Between January and May of 2016, I wrote the first ten thousand words of my third book. Between May and July of 2016, I tacked on a bit more than fifty thousand words to the project. After another couple of months spent revising, I was ready to do something with the book. I queried several agents who were uninterested, so I decided it was time to take the independent-publishing plunge for real. The Kindle version of Pritchard Daviess - A Blissful Existence became available on December 29, 2016--exactly a year and a half following my Billboard Encounter. The paperback version went live the following day.

 

Unfortunately, that’s where things ground to a halt. I had a lot of creative plates flipping around in midair. I’d finished NaNoWriMo with a 40k+ fantasy project I didn’t know quite what to do with. I’d sent off a spec script continuation of the BBC’s 1990s hit Keeping Up Appearances to the show’s octogenarian creator’s agent. (I never heard back.) I’d even written a two-act play with the help of my sister! All in all, I was exhausted from pushing so hard for more than a year, so I let my foot off the gas… got out of the car… left it on the shoulder of a dusty road in the middle of a forest somewhere… and forgot which way I’d tossed my keys.

 

Let’s skip ahead to December 2018. Two years had passed since I’d self-published Pritchard. I decided to make a few edits to the manuscript and released the book’s second edition just before Christmas. In the process, I took a hard look at my creative habits--specifically, the lack thereof. I’m not going to be too hard on myself, because it won’t do me much good at this point, and, looking back on those two years, there were undeniably positive moments. During that time, I found a local bookstore that was willing to carry Pritchard. Some of my work was included in a charity poetry anthology.

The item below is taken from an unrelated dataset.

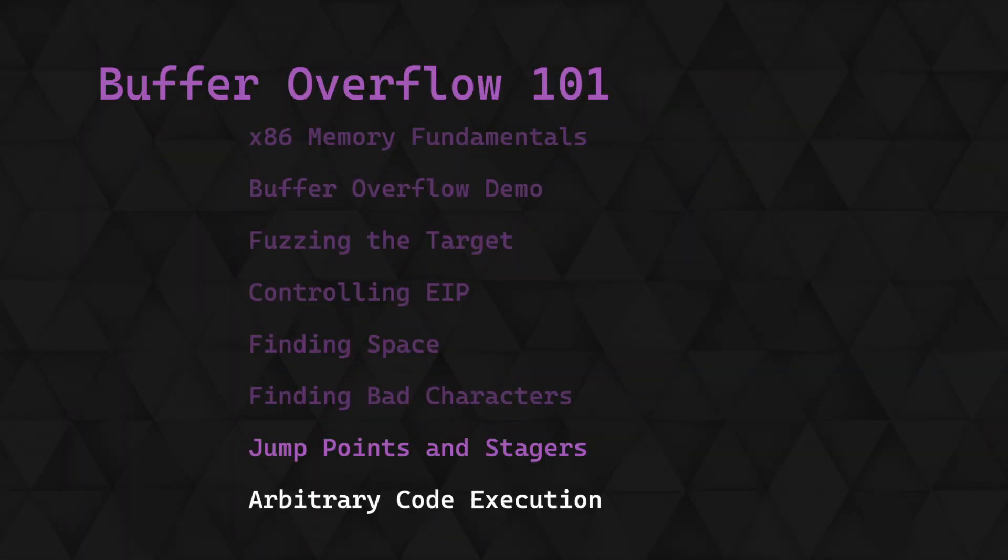This is the seventh video in a series covering the theory behind x86 buffer overflows, how they work and how they can be exploited. Last time we looked at bad characters, what they are and how to find them. In this video we're looking at how we're going to direct code execution to our shellcode, looking at methods to jump straight there, as well as how we can use the stager to help us get there.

I even built up a small following with a new blog featuring random rants and bits of humor. But, more often that not, I’d left a wake of unfinished projects several nautical miles long, and that didn’t sit well with me.

 

So I set a goal. In 2019, I was determined to publish three new books. The first project was an older idea I’d had about a Civil War soldier sending letters home to his pets. I started mostly from scratch and finished the rough draft in January. Dearest Fluffy - Off To War was released through multiple platforms on March 1, 2019. Between February and early March, I wrote two travel memoir first drafts that, combined with material from a trip in June of 2019, became National Treasures (a newsletter exclusive). Ultimately, it took intentionality, several progress thermometers drawn on a dry erase board, word count tracking spreadsheets, and blog hiatuses to ease me out of that rut.

 

Late in 2019, I beat the cobwebs out of my first play, One Final Affair, and heavily revised it. I’d originally drafted the script in early 2016, but I dragged my feet forever revising it into “proper” play format. I’d promised my sister I’d have it completed by a certain date. I was only about seventeen months late, but who’s counting? In November, I started drafting a Christmas project and promptly dropped it, veering into another—Festive Figments, my first collection of short fiction. I packed in all the seasonal nostalgia I could spare.

 

Now, for the year you’ve all been waiting for… 2020. [Scream.] [Slap.] Sorry about that. In January, people kept saying, “Wait! So, it’s like the Roaring like Twenties again, like… right?” If we’re being honest, none of us really thought much about the meaning of “roaring” before 2020. It turns out, it’s a large, noisy engine of sadness, sickness, and disappointment that blows exhaust in your face and eyes, sunup to sundown.

 

Early in 2020—pre-lockdown, I finished drafting a play and a novelette (longer than a short story, shorter than a novel). At first, I described the play—published in August 2020 as Pioneer Pillow Talk—as a story that was all dialogue and no narrative (description, stage direction, etc.). And, then, I realized that’s pretty much just a play. So, I wrote it that way and pitched it to an audio drama publisher. Rejected.

 

Then, the lockdown descended like a pestilence. After a week or so spent floundering between creative projects, I acted. I committed to writing at least two pieces of short fiction a day (minus Sundays) that I released on a series of blogs, free of charge. That selflessness came with a price. I was ultimately banned from two groups on a social media network that shall remain nameless. (I can almost promise it’s not the one you’re thinking of.) Apparently, my prolific-ness bothered some people. Anyway, I stopped when I’d posted one hundred and fifty stories, all but a handful of which had been written between mid-March and early June 2020. I bundled the best of them into a collection called Jumbled (released October 2020).

 

Most of my summer was spent in the Editing Dungeon, as I un-affectionately call it. It wasn’t that bad, under the circumstances. The pandemic has/had—it’s ongoing as I write this—a way of limiting recreational activities. After two months, I managed to crawl out from under a stack of five rough drafts, putting the finishing touches on four of the titles. I left one down there—the novelette. It still reaches out from time to time to swap memes, but I’m not quite ready to march back down there and deal with it, man to manuscript.

 

Oh, and I wrapped up a secret non-fiction project that will be released in early 2021. I shopped it to a publisher—rejected. In only five days that time! I’m pretty sure that’s a record, because the five days even included a weekend. But I’m still typing. As I’m revising this essay midway through October 2020, I just finished the initial drafts of my first mystery novella and my third play. Rough drafts keep stacking up! Every time I sit and stare at a Word document and think, “This isn’t working—it’s unfinishable,” I remind myself, “Seventeen rough drafts (and counting). Seventeen! You finished those other stories, and you can finish this one too. Put in the work.”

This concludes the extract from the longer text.